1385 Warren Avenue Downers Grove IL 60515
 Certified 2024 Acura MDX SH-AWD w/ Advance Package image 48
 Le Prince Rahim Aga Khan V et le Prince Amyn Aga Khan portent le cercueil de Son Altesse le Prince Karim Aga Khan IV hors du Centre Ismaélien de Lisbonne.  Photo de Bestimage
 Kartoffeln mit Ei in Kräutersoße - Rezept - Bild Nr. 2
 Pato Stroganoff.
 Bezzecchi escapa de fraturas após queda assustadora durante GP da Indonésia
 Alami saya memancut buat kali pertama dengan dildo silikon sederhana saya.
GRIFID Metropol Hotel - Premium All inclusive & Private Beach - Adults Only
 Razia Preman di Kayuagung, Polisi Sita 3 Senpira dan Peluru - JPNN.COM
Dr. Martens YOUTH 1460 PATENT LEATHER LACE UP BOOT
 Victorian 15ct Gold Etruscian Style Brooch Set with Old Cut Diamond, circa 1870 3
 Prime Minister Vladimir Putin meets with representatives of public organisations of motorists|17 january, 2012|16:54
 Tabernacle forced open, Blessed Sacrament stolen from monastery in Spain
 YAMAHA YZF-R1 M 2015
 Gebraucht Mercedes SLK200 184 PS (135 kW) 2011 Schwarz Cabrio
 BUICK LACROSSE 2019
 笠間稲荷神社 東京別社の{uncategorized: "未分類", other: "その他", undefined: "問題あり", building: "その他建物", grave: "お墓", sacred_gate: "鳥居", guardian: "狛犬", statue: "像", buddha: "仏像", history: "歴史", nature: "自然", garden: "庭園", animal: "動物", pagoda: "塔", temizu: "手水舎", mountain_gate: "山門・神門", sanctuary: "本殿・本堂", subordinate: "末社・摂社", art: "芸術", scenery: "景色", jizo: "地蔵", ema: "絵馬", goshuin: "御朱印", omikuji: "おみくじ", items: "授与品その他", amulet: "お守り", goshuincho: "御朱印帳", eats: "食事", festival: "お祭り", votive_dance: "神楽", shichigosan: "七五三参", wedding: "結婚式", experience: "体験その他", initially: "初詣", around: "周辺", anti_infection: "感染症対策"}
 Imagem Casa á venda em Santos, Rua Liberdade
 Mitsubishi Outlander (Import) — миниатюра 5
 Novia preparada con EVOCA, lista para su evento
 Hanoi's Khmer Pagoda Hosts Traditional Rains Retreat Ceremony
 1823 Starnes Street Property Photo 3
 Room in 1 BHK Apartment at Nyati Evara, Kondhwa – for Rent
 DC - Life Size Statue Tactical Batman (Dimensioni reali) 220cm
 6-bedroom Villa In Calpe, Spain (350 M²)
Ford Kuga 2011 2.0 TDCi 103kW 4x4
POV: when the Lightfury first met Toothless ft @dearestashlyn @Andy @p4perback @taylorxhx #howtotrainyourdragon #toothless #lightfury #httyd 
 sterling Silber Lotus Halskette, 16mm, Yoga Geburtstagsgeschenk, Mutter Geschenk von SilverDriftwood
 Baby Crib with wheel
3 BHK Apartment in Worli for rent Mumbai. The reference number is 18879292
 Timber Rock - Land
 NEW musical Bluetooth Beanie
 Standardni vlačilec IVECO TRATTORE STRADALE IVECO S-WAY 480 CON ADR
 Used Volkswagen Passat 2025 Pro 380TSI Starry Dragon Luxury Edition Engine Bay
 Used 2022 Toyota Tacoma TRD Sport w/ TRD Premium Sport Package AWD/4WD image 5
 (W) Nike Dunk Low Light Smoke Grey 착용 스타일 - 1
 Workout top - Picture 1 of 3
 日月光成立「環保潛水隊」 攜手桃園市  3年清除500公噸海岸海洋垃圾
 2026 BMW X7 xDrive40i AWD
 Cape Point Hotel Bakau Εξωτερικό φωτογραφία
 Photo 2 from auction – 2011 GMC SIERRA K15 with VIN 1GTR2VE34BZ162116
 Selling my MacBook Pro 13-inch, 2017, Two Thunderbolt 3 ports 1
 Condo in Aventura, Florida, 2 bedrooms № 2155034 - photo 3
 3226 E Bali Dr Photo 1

----

*Assignment*. Set down only the lines above that fall between the line holding "Tabernacle forced open, Blessed" and the line holding "NEW musical Bluetooth Beanie", inclusive, keeping each exact.

*Solution below*.
 Tabernacle forced open, Blessed Sacrament stolen from monastery in Spain
 YAMAHA YZF-R1 M 2015
 Gebraucht Mercedes SLK200 184 PS (135 kW) 2011 Schwarz Cabrio
 BUICK LACROSSE 2019
 笠間稲荷神社 東京別社の{uncategorized: "未分類", other: "その他", undefined: "問題あり", building: "その他建物", grave: "お墓", sacred_gate: "鳥居", guardian: "狛犬", statue: "像", buddha: "仏像", history: "歴史", nature: "自然", garden: "庭園", animal: "動物", pagoda: "塔", temizu: "手水舎", mountain_gate: "山門・神門", sanctuary: "本殿・本堂", subordinate: "末社・摂社", art: "芸術", scenery: "景色", jizo: "地蔵", ema: "絵馬", goshuin: "御朱印", omikuji: "おみくじ", items: "授与品その他", amulet: "お守り", goshuincho: "御朱印帳", eats: "食事", festival: "お祭り", votive_dance: "神楽", shichigosan: "七五三参", wedding: "結婚式", experience: "体験その他", initially: "初詣", around: "周辺", anti_infection: "感染症対策"}
 Imagem Casa á venda em Santos, Rua Liberdade
 Mitsubishi Outlander (Import) — миниатюра 5
 Novia preparada con EVOCA, lista para su evento
 Hanoi's Khmer Pagoda Hosts Traditional Rains Retreat Ceremony
 1823 Starnes Street Property Photo 3
 Room in 1 BHK Apartment at Nyati Evara, Kondhwa – for Rent
 DC - Life Size Statue Tactical Batman (Dimensioni reali) 220cm
 6-bedroom Villa In Calpe, Spain (350 M²)
Ford Kuga 2011 2.0 TDCi 103kW 4x4
POV: when the Lightfury first met Toothless ft @dearestashlyn @Andy @p4perback @taylorxhx #howtotrainyourdragon #toothless #lightfury #httyd 
 sterling Silber Lotus Halskette, 16mm, Yoga Geburtstagsgeschenk, Mutter Geschenk von SilverDriftwood
 Baby Crib with wheel
3 BHK Apartment in Worli for rent Mumbai. The reference number is 18879292
 Timber Rock - Land
 NEW musical Bluetooth Beanie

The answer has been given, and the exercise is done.